Tutors' Biographies:

  • Jing Gao, received the BEng and MEng degrees, both in Computer Science from Harbin Institute of Technology, China, in 2002 and 2004, respectively. She is currently working toward the Ph.D. degree in the Department of Computer Science, University of Illinois at Urbana Champaign. She is broadly interested in data and information analysis with a focus on data mining and machine learning. In particular, her research interests include ensemble methods, transfer learning, mining data streams and anomaly detection. She has published more than 20 papers in refereed journals and conferences, including KDD, NIPS, ICDCS, ICDM and SDM conferences.

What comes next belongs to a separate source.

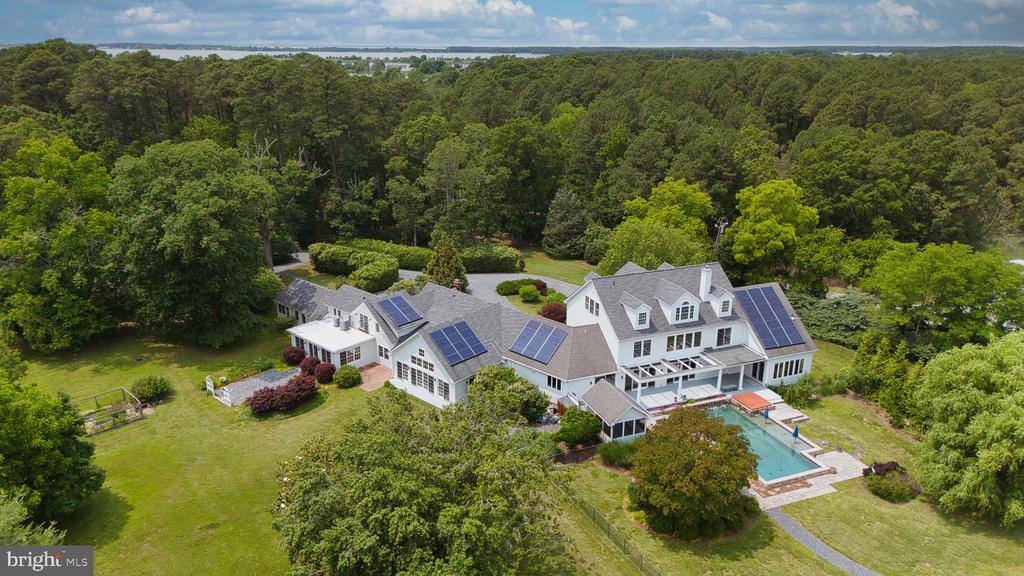 6153 Long Point Rd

  • Wei Fan, received his PhD in Computer Science from Columbia University in 2001 and has been working in IBM T.J.Watson Research since 2000. He published more than 60 papers in top data mining, machine learning and database conferences, such as KDD, SDM, ICDM, ECML/PKDD, SIGMOD, VLDB, ICDE, AAAI, ICML etc. Dr. Fan has served as Area Chair, Senior PC of SIGKDD'06, SDM'08 and ICDM'08/09, sponsorship co-chair of SDM'09, award committee member of ICDM'09, as well as PC of several prestigious conferences in the area including KDD'09/08/07/05, ICDM'07/06/05/04/03, SDM'09/07/06/05/04, CIKM'09/08/07/06, ECML/PKDD'07/06, ICDE'04, AAAI'07, PAKDD'09/08/07, EDBT'04, WWW'09/08/07, etc. He is on the advisory board of KD2U. Dr. Fan was invited to speak at ICMLA'06. He served as US NSF panelist in 2007/08. His main research interests and experiences are in various areas of data mining and database systems, such as, risk analysis, high performance computing, extremely skewed distribution, cost-sensitive learning, data streams, ensemble methods, easy-to-use nonparametric methods, graph mining, predictive feature discovery, feature selection, sample selection bias, transfer learning, novel applications and commercial data mining systems. He is particularly interested in simple, unconventional, but effective methods to solve difficult problems. His thesis work on intrusion detection has been licensed by a start-up company since 2001. His co-teamed submission that uses Random Decision Tree has won the ICDM'08 Contest Crown Awards. His co-authored paper in ICDM'06 that uses "Randomized Decision Tree" to predict skewed ozone days won the best application paper award. His co-authored paper in KDD'97 on distributed learning system "JAM" won the runner-up best application paper award.

  • Jiawei Han (Ph.D., Univ. of Wisconsin at Madison), is a professor in the Department of Computer Science, University of Illinois at Urbana-Champaign. He has been working on research into data mining, data warehousing, stream data mining, spatial and multimedia data mining, and bio-medical data mining, with over 300 conference and journal publications. He has chaired or served in over 100 program committees of international conferences and workshops, including ACM SIGKDD Conferences (2001 best paper award chair, 2002 student award chair, 1996 PC co-chair), SIAM-Data Mining Conferences (2001 and 2002 PC co-chair), ACM SIGMOD Conferences (2000 exhibit program chair), International Conferences on Data Engineering (2004 and 2002 PC vice-chair), International Conferences on Data Mining (2005 PC co-chair) and International Conference on Very Large Data Bases (2006 VLDB Americas Chair). He also served or is serving as EIC of ACM Transactions on Knowledge Discovery from Data and on the editorial boards for Data Mining and Knowledge Discovery, IEEE Transactions on Knowledge and Data Engineering, Journal of Intelligent Information Systems, and Journal of Computer Science and Technology. Jiawei has received the Outstanding Contribution Award at the 2002 International Conference on Data Mining, ACM Service Award (1999) and ACM SIGKDD Innovations Award (2004), and IEEE CS Technical Achievement Award (2005). He is an ACM and IEEE Fellow. He is the first author of the textbook "Data Mining: Concepts and Techniques" 2nd ed., (Morgan Kaufmann, 2006).